-- Work to complete --
Set down, exactly as written, every line from the top of the records below to the line containing "Nouvelle construction - Villa", both ends included, and no others.
▬▬▬▬▬▬▬▬▬▬
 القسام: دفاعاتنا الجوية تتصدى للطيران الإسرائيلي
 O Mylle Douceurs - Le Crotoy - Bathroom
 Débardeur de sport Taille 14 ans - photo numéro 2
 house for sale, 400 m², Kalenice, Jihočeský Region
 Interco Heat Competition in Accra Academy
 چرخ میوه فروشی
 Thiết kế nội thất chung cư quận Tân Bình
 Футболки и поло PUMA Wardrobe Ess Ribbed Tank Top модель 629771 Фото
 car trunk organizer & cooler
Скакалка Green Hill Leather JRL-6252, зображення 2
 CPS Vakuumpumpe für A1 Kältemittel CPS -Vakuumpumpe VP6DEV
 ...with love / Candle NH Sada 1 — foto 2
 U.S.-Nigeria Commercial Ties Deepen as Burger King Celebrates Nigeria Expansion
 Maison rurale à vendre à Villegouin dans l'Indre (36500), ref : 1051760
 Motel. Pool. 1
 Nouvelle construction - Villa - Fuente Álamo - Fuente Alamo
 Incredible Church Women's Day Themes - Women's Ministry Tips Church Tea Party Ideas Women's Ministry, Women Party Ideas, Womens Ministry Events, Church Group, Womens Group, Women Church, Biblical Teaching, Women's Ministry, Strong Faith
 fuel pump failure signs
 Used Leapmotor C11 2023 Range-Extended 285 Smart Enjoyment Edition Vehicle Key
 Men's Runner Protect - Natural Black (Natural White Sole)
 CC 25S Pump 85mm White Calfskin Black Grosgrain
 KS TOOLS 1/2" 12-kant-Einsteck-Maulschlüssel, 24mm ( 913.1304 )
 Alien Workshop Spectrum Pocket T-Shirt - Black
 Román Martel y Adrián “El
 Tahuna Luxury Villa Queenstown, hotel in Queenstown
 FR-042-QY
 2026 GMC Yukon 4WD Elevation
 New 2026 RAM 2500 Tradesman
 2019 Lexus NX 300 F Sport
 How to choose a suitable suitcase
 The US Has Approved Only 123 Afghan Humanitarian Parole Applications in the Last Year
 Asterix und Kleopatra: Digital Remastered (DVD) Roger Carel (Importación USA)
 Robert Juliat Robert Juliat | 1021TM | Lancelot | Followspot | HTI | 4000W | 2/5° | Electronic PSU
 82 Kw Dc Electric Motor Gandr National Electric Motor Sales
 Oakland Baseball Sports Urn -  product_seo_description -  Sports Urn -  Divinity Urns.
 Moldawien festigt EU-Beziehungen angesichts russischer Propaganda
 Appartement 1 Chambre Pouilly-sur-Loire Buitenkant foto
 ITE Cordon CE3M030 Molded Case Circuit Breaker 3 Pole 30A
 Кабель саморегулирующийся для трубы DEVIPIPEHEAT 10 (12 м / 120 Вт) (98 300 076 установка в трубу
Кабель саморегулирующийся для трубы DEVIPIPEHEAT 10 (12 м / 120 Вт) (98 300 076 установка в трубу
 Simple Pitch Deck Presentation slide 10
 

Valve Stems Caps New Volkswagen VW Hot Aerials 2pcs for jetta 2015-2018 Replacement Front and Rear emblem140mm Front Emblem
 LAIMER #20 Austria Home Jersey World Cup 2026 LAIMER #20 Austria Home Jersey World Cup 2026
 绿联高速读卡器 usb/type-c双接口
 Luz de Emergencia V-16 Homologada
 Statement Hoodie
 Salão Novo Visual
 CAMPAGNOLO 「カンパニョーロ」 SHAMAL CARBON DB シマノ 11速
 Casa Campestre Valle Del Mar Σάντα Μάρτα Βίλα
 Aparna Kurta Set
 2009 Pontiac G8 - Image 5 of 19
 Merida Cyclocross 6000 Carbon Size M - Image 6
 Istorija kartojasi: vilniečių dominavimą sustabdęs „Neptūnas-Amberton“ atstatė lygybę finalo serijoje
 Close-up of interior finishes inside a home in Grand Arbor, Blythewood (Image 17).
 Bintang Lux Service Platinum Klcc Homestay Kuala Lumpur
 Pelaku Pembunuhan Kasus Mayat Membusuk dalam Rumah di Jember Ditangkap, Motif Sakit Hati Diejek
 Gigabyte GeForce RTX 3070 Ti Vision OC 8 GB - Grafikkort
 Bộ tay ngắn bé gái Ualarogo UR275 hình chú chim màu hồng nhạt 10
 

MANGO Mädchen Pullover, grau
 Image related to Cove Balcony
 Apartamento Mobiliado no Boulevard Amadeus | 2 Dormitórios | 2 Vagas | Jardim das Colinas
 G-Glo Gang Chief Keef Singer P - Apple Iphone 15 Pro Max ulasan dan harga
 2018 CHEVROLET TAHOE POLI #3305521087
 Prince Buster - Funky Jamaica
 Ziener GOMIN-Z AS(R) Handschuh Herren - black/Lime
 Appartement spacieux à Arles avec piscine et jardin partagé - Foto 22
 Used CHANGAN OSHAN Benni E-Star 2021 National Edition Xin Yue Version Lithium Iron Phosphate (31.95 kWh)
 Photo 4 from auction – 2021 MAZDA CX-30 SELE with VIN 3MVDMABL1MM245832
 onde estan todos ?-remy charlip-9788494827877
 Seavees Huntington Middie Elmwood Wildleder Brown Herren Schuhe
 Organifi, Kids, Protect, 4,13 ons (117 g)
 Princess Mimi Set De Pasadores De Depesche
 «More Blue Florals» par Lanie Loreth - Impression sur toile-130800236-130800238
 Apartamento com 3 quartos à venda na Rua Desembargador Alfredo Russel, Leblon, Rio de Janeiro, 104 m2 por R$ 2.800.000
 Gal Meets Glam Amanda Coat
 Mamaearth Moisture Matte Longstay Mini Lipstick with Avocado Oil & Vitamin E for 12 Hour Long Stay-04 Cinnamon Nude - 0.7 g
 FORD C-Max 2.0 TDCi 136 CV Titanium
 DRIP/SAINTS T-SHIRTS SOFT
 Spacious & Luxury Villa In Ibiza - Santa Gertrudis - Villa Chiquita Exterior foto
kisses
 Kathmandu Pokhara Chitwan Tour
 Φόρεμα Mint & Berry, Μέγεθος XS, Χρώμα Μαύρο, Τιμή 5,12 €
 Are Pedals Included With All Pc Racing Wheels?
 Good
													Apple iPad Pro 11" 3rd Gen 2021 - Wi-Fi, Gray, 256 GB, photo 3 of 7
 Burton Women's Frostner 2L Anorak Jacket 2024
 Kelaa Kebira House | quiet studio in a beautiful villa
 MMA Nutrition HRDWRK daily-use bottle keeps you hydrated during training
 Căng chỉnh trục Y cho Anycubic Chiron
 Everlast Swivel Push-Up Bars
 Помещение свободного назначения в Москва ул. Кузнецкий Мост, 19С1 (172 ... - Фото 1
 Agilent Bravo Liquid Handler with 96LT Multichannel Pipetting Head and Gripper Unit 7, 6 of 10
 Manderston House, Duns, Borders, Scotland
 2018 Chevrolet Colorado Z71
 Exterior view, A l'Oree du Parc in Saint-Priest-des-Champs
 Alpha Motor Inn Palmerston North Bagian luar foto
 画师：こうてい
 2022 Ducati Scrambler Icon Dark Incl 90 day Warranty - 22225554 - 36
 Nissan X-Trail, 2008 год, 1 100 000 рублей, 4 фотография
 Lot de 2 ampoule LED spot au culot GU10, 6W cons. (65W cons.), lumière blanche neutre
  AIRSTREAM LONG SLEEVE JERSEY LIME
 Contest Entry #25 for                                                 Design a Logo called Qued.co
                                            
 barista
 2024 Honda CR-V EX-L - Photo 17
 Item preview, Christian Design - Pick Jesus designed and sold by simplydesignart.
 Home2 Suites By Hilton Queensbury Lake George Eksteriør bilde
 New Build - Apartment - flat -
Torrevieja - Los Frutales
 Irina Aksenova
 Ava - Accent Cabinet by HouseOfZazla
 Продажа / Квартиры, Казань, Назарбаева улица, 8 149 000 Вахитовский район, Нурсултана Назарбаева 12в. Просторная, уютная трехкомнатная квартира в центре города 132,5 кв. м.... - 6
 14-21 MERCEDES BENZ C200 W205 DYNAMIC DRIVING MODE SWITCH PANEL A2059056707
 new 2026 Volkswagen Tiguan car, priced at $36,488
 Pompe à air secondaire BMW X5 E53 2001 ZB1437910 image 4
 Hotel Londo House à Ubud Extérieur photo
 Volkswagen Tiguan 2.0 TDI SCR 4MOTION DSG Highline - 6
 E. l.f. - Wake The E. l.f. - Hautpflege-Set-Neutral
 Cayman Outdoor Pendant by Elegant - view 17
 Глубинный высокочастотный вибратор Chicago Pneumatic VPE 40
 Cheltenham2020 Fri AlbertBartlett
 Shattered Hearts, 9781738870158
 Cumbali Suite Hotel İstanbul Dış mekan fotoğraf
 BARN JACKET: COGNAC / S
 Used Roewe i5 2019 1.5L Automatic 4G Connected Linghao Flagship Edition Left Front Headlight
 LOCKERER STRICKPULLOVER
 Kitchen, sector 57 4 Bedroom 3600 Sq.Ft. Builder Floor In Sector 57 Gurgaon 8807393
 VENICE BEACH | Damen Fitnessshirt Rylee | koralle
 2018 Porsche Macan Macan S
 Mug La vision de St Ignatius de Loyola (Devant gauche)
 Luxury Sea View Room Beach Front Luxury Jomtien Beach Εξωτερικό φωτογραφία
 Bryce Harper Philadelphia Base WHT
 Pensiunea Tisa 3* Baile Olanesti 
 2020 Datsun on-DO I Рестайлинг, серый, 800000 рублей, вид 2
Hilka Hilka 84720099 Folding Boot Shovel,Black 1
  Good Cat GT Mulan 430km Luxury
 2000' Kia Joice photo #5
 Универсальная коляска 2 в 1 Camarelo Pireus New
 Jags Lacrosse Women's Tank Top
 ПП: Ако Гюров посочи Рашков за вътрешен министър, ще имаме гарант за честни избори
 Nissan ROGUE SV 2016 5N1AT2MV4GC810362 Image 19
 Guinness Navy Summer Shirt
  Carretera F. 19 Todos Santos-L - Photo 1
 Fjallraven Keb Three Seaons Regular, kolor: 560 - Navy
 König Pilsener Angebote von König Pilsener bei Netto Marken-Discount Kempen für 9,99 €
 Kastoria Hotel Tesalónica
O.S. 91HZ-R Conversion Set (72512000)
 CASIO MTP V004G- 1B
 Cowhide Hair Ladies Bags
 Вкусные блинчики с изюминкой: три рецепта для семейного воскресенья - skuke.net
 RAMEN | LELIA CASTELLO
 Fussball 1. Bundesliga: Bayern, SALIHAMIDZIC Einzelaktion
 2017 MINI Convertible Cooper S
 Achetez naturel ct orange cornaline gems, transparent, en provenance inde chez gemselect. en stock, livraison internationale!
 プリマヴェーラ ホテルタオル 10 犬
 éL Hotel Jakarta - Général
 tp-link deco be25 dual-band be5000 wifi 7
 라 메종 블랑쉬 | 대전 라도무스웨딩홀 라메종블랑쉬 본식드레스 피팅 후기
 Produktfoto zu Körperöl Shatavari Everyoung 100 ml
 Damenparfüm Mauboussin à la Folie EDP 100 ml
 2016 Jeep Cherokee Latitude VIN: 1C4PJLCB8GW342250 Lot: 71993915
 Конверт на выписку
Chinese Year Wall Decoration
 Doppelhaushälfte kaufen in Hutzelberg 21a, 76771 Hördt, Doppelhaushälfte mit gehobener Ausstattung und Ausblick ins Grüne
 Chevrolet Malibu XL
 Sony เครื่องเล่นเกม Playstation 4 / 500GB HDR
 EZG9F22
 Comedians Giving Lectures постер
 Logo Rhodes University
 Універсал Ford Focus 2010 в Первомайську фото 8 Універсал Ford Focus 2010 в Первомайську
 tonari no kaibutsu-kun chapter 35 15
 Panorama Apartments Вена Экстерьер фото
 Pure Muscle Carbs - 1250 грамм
▬▬▬▬▬▬▬▬▬▬
-- Solution to the problem --
 القسام: دفاعاتنا الجوية تتصدى للطيران الإسرائيلي
 O Mylle Douceurs - Le Crotoy - Bathroom
 Débardeur de sport Taille 14 ans - photo numéro 2
 house for sale, 400 m², Kalenice, Jihočeský Region
 Interco Heat Competition in Accra Academy
 چرخ میوه فروشی
 Thiết kế nội thất chung cư quận Tân Bình
 Футболки и поло PUMA Wardrobe Ess Ribbed Tank Top модель 629771 Фото
 car trunk organizer & cooler
Скакалка Green Hill Leather JRL-6252, зображення 2
 CPS Vakuumpumpe für A1 Kältemittel CPS -Vakuumpumpe VP6DEV
 ...with love / Candle NH Sada 1 — foto 2
 U.S.-Nigeria Commercial Ties Deepen as Burger King Celebrates Nigeria Expansion
 Maison rurale à vendre à Villegouin dans l'Indre (36500), ref : 1051760
 Motel. Pool. 1
 Nouvelle construction - Villa - Fuente Álamo - Fuente Alamo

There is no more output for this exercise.